Allí, en un rincón de la estación, abrigada únicamente con retazos de trapos que en algún momento fue ropa, mostrando su sonrisa desdentada y su pelo sucio y enredado, había una mujer pidiendo limosna. Un ser humano más arrojado como bolsa de residuo para ser devorada por la ciudad anónima y pasar a formar parte de la anonimia inhumana de la totalidad urbana. Si hasta Dios ignora su dolor, por qué nosotros haríamos algo diferente, por qué le ofreceríamos ayuda: quizá por empática pero la distancia real que nos separa de ese ser humano, de ese desecho de la ciudad, fue ampliada, aumentada por una distancia virtual: tablets, celulares, carteles luminosos y demás artefactos tecnológico que seducen nuestra atención hacia nosotros o hacia cualquier otra cosa. El subte llegó y cumplió su deber moral y real: transportarme lejos de ese ser humano que como espejo de posibilidades me arrojaba la cercanía de la miseria.

Desechar humanos del sistema es el sacrificio que exige el Dios mercado para mantener el bienestar de la mayoría, es su ración de sangre que requiere el vampiro capitalista para dotarnos de un bienestar insostenible de otra forma: nuestra ropa y demás bienes necesitan mano de obra esclava e injusticia social. Somos cómplices silenciosos de la pobreza, somos quienes la financiamos y después, hipócritamente, lavamos nuestras culpas dando limosna a un desahuciado. Nadie ayuda nunca. No es posible. No en el sistema actual porque nacemos derrotados e intentar ayudar solo nos hace hipócritas.

No descubro nada con mis palabras. Nada cambiará con mis palabras.

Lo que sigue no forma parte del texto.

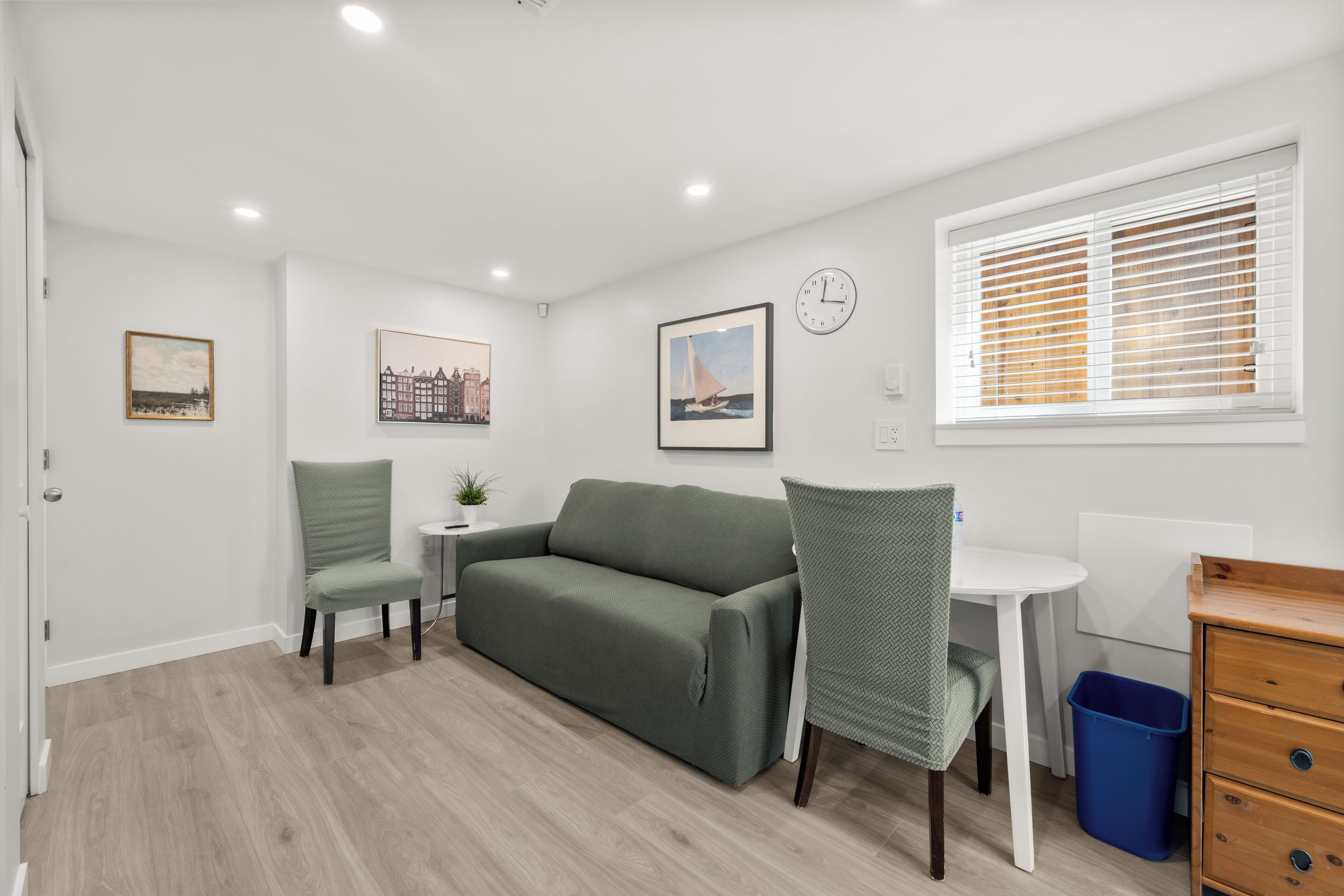 A room with a green sofa, two chairs, a small table, a clock, and a window with blinds.
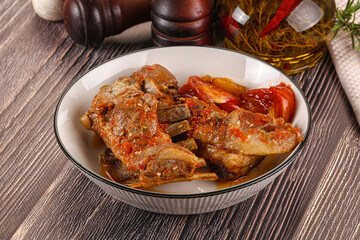 Baked lamb ribs with vegetables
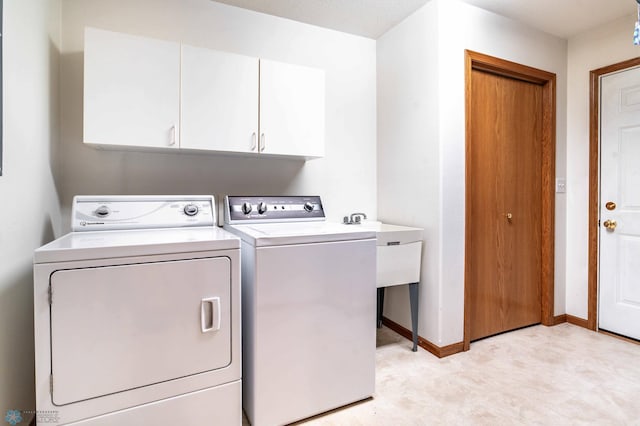 152 17th Ave W, West Fargo, ND 58078 - laundry area with cabinet space and washing machine and clothes dryer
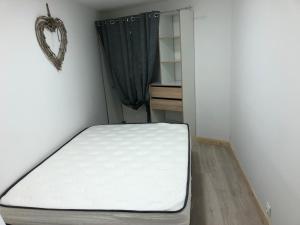 a bed sitting in a room with a mattress at appartement 12 couchages proche piste ski et de randonnées du lioran in Le Lioran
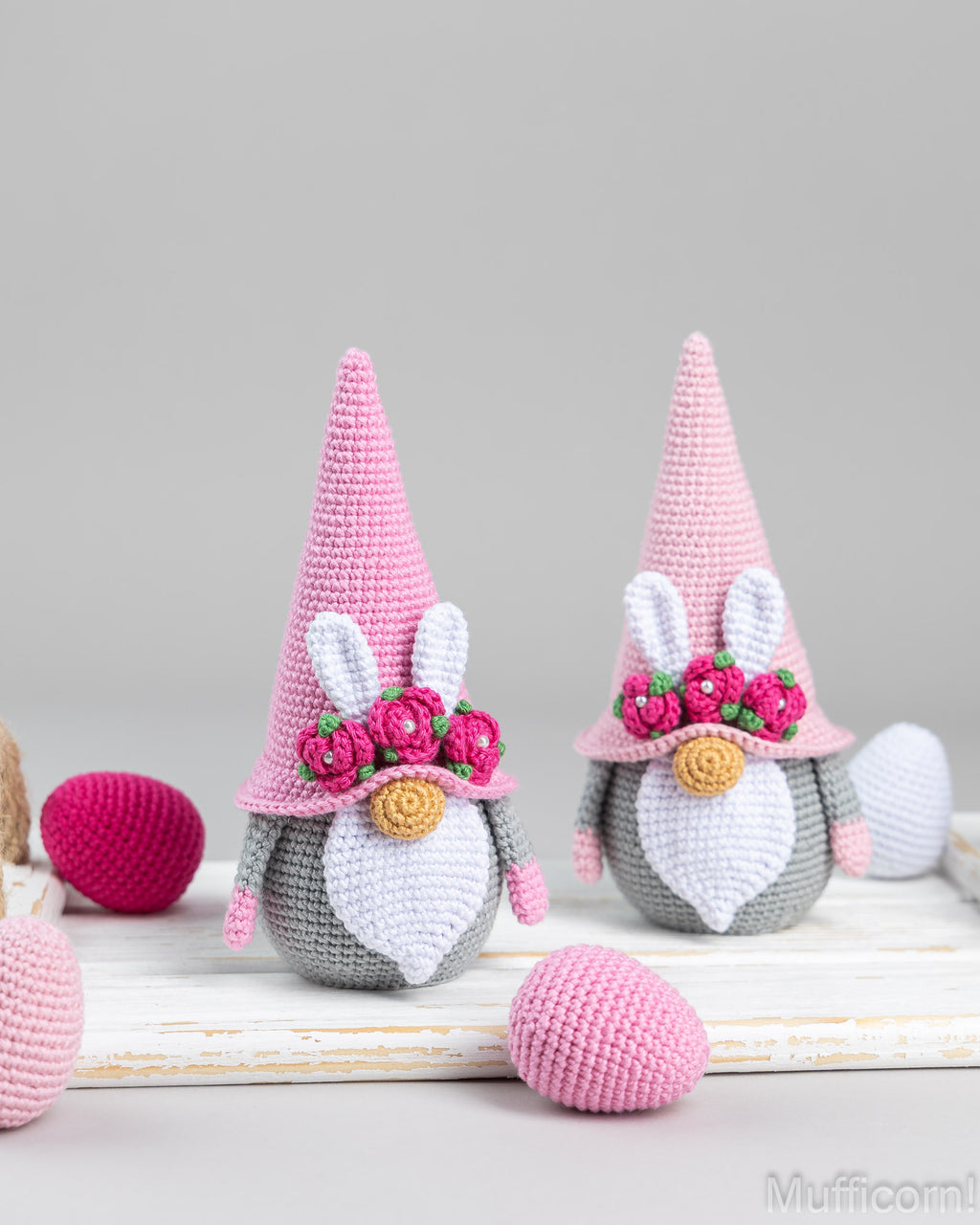 Two crocheted bunny gnomes with pink pointed hats, white bunny ears, pink flower crowns, and gray-and-white faces, displayed on a white wooden surface with pink and white yarn eggs around them.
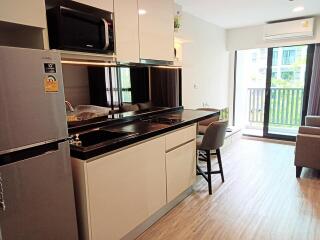 Modern kitchen with stainless steel appliances and open layout to living area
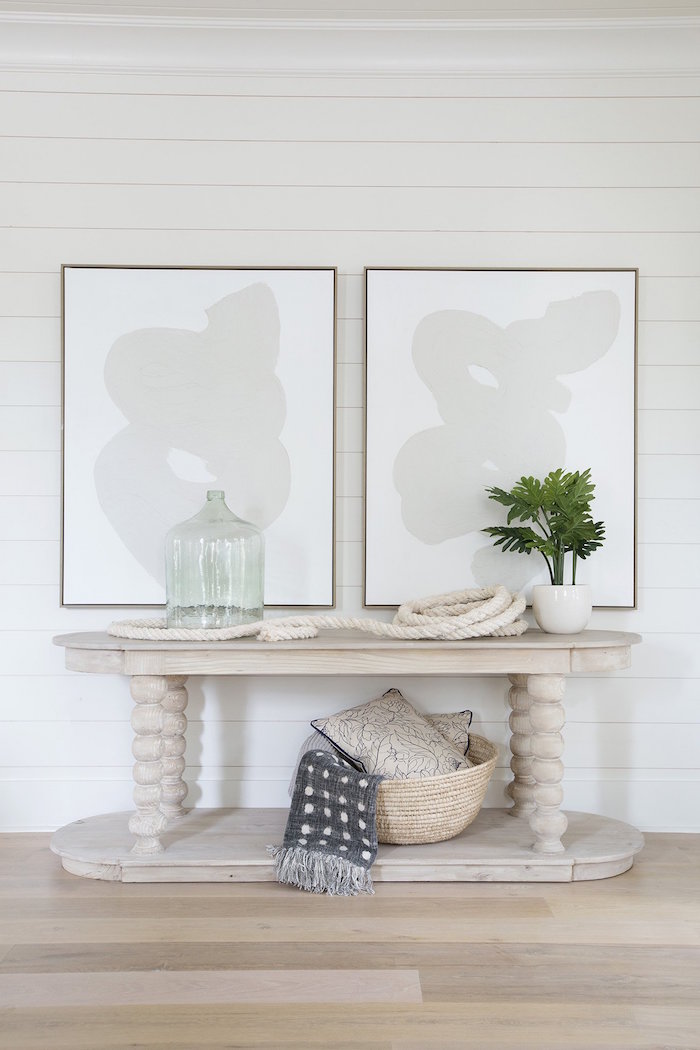 framed art on white shiplap wall above wooden table with decorations made from rope nautical decor hallway design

Tampoco nada mejorará.

Tengo, sí, la secreta esperanza de no terminar en la pobreza, no porque crea en la justicia, en la meritocracia o en la existencia de cualquier tipo de orden sacrificio-recompensa (presencié muchas injusticias sociales y no sociales como para creer en la existencia de cualquier orden), solo tengo esa rara tozudez que existe en el espíritu humano pero en lugar de estar inclinada hacia un Dios, hacia una vocación o hacia otra forma del amor, se encuentra anclada en la vida, en la existencia, en mi propio bienestar egoísta.